To effectively and sincerely perform in creating an exceptional customer experience and care for the customer, requires dedication and unity within the organization. Together, the efforts of an entire team focused on the need and wants of the customer will result in a satisfied customer and a fulfilled employee.

We too often focus on means like IT systems, metrics, statistical numbers, acquiring new customers, and business opportunities rather than the end, which is developing a value offering and culture that is centered on an exceptional customer experience. At the end of the day, our success will be tied to our determination to go out there and make whatever it is we do exceptional for the customer.

It’s not imagination, it’s customer experience delivery.

Organizations focused on the customer experience always seem to stay ahead of the competition. Why? They understand their customers and what they want from the customer experience. The Kellogg School of Management has an executive program dedicated to teaching organizations the reason why customer experience matters.

The customer experience leaders:

1. Tailor the customer experience to the specific customer segment they serve.

2. Create value in their offering to their customers.

3. Consistently deliver outstanding customer service.

4. Ensure that all team members understand the role that they play in the customer experience process.

Andrew Cohen, Founder, Exposed Brick explains the role that customer experience has in creating positive feelings that customer have towards you and your organization.

“A brand is no longer defined only by advertising-driven perception. Rather it is defined by the customer experience in buying the product; satisfaction in using the product; and the services wrapped around the product with positive consequences.”

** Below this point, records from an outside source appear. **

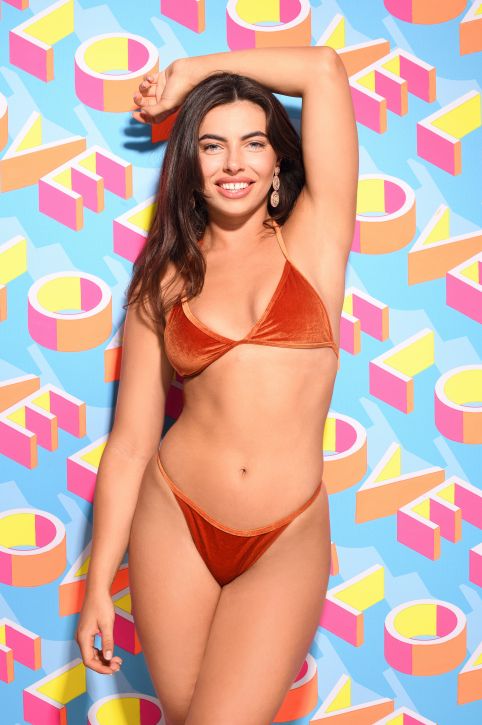Image may contain: Woman, Female, Person, Human, Bikini, Swimwear, Apparel, Clothing, francesca love island, villa, islander, bombshell, new arrival, francesca allen, girl, contestant, cast, late, instagram, age, job, work, essex, from, eyebrows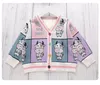 Cardigan Girls Swegant Sweating Spring Autumn's Children's Cartoon Cartoon Kids Birls Baby Subsities Catual Cotton Tops P4 362 230224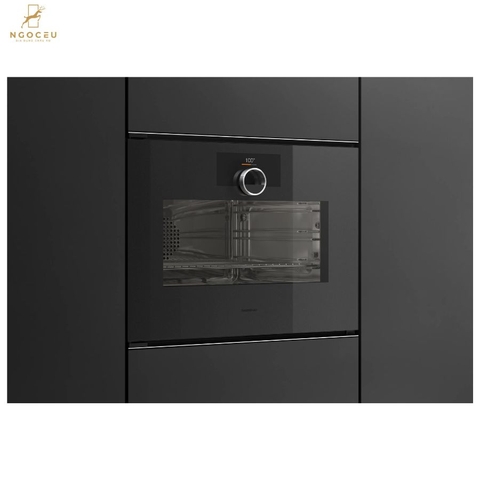 Lò nướng kèm hấp cánh trái Gaggenau Minimalistic GS241100 Onyx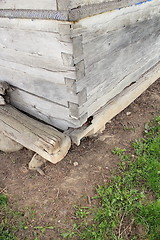 Image showing effects of fungus attack on old wooden wall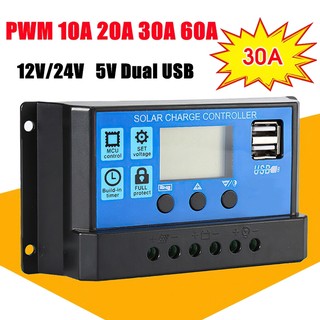 Điều khiển sạc năng lượng mặt trời PWM 30A LOẠI 1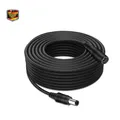 DC 5,5 mm x 2,1 mm Stromverlängerungskabel 5 Meter Schwarz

Positive good will comes from demonstrating real emotion and providing service with genuine care for the customer. The customer can do without us, but we depend on the customer. Customer experience focus is the process that aligns our thoughts and actions with the needs and desires of those we serve.

What’s your take? What ways have you found effective in developing a memorable customer experience?

Republished with author's permission from original post.

Flavio Martins
Flavio Martins is the VP of Operations and Customer Support at DigiCert, Inc., a leading provider of enterprise authentication services and high-assurance SSL certificates trusted by thousands of government, education, and Fortune 500 organizations. Flavio is an award-winning customer service blogger, customer service fanatic, and on a mission to show that organizations can use customer experience as a competitive advantage win customer loyalty. Blog: Win the Customer!

ADD YOUR COMMENT

Please use comments to add value to the discussion. Maximum one link to an educational blog post or article. We will NOT PUBLISH brief comments like "good post," comments that mainly promote links, or comments with links to companies, products, or services.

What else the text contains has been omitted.